Un texte de François Charbonneau
Dossier : L'infâme de notre temps : le jargon!
Thèmes : Langue, Éducation
Numéro : vol. 12 no. 2 Printemps-été 2010

Il était une fois un jeune garçon nommé Ahmed Yahiaten qui vivait à El Hadjar, en Algérie. Ahmed vivait non loin de la mer méditerranéenne, où il allait parfois après l’école taquiner le poisson et voir passer les bateaux. Le petit Ahmed revenait chez lui le soir, les yeux rêveurs, et disait à son père : « un jour papa, moi aussi je partirai sur un bateau, et j’irai m’établir en Amérique » ! Et son père lui disait : « Ahmed, mon garçon. Tu iras vivre où tu veux, mais avant de partir, tu devras apprendre un métier. Ainsi, tu seras utile à la communauté qui t’accueillera ». Le petit Ahmed décida ce jour-là de devenir instituteur comme son père.

Après ses études, Ahmed n’avait pas oublié son rêve de s’établir en Amérique. Mais, n’ayant pas assez d’argent pour défrayer les coûts du voyage, il décida d’exercer d’abord son métier quelques années en Algérie. Or, les années passèrent, et le maigre salaire d’Ahmed ne lui permettait toujours pas d’immigrer de l’autre côté de l’Atlantique.

Ahmed aimait le métier d’enseignant qu’il pratiquait depuis maintenant quelques années. Il enseignait le français à des élèves qui l’appréciaient comme enseignant. C’est que Monsieur Yahiaten savait récompenser ses élèves méritants. À la fin de chaque classe, il réservait dix minutes pour un jeu d’improvisation théâtrale pour les élèves qui avaient bien suivi la leçon. Ahmed avait eu l’idée de ce jeu en regardant une émission québécoise qu’il avait vue sur les ondes de TV5. Il avait tout de suite été séduit par ce sport théâtral et s’était dit que ce serait une excellente façon pour ses élèves de pratiquer le français.

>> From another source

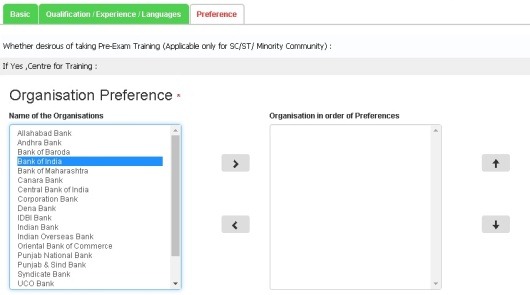 IBPS-preference-registration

Les séances d’improvisation théâtrale de Monsieur Yahiaten étaient devenues si populaires que le ministère de l’Éducation algérien eut bientôt vent de l’affaire. On voulut connaître le secret de ce jeu qui semblait vraiment améliorer le français parlé des élèves. Enthousiasmé, Ahmed offrit de créer un petit fascicule expliquant le jeu de manière à ce que le ministère puisse le remettre à tous les enseignants qui en feraient la demande. Le ministère se montra intéressé, mais on expliqua à Ahmed qu’avant que l’improvisation théâtrale puisse être officiellement ajoutée au programme scolaire, il fallait déterminer si le jeu respectait les « bonnes pratiques d’enseignement » établies par le Ministère. On demanda ainsi à Ahmed de répondre aux quatre questions suivantes :

• L’activité permet-elle aux élèves d’apprendre de nouvelles choses ?

• L’activité permet-elle aux élèves d’exprimer leurs opinions ?

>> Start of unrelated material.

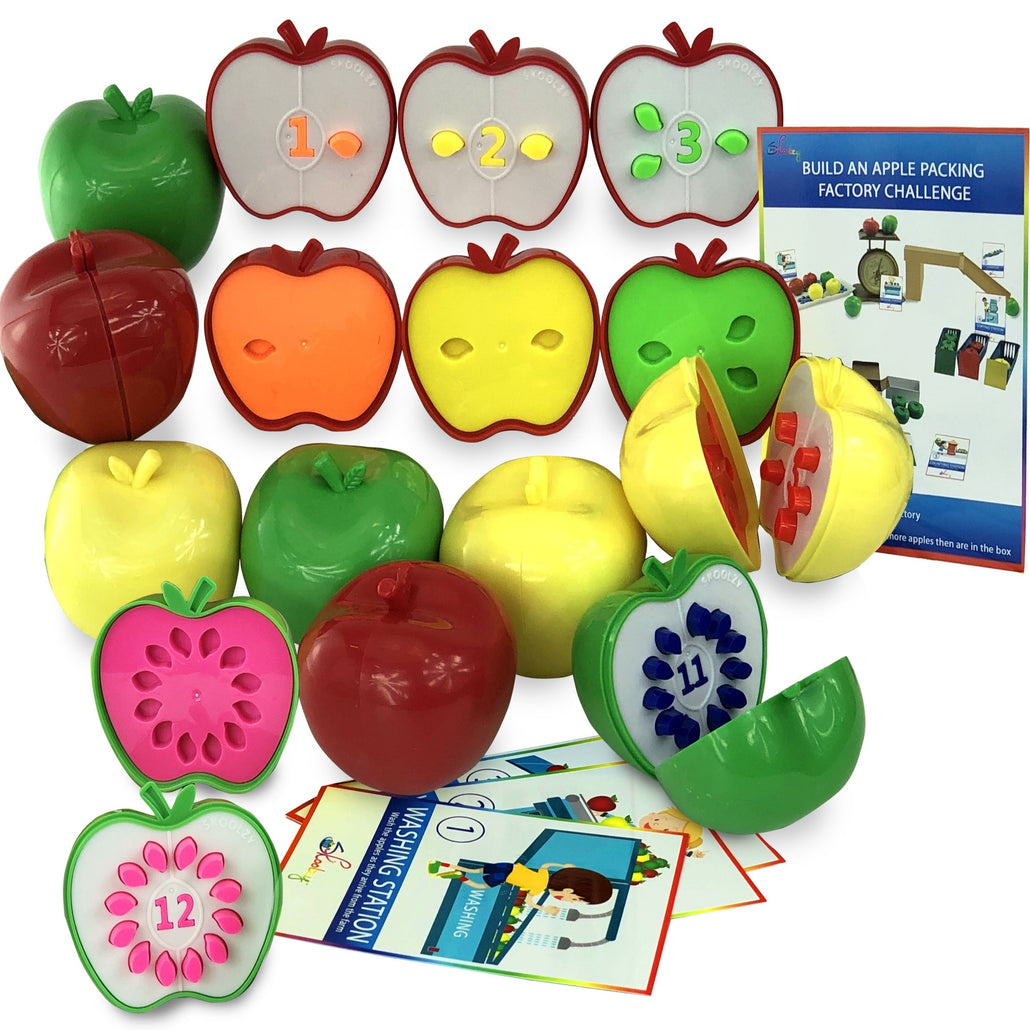 Skoolzy Counting Toddler Games - STEM Apple Factory Learning Toys<p><font><small><b>SK-063</small>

• L’activité permet-elle aux élèves de mettre en pratique ce qu’ils ont appris ?

• L’activité est-elle appréciée des élèves ?

 

Et Ahmed répondit dans une lettre :

• Oui, l’improvisation permet aux élèves d’apprendre à mieux parler français.

• Oui, l’improvisation permet aux élèves de s’exprimer.

• Oui, l’improvisation permet de pratiquer les mots appris pendant la leçon.

• Oui, les élèves aiment l’activité.

 

Le Ministère approuva rapidement l’activité qui devint populaire dans toutes les écoles d’Algérie et fut adoptée non seulement par les professeurs de français, mais par l’ensemble des professeurs de langues. Partout, l’on vit apparaître des ligues d’improvisation après les heures de classe.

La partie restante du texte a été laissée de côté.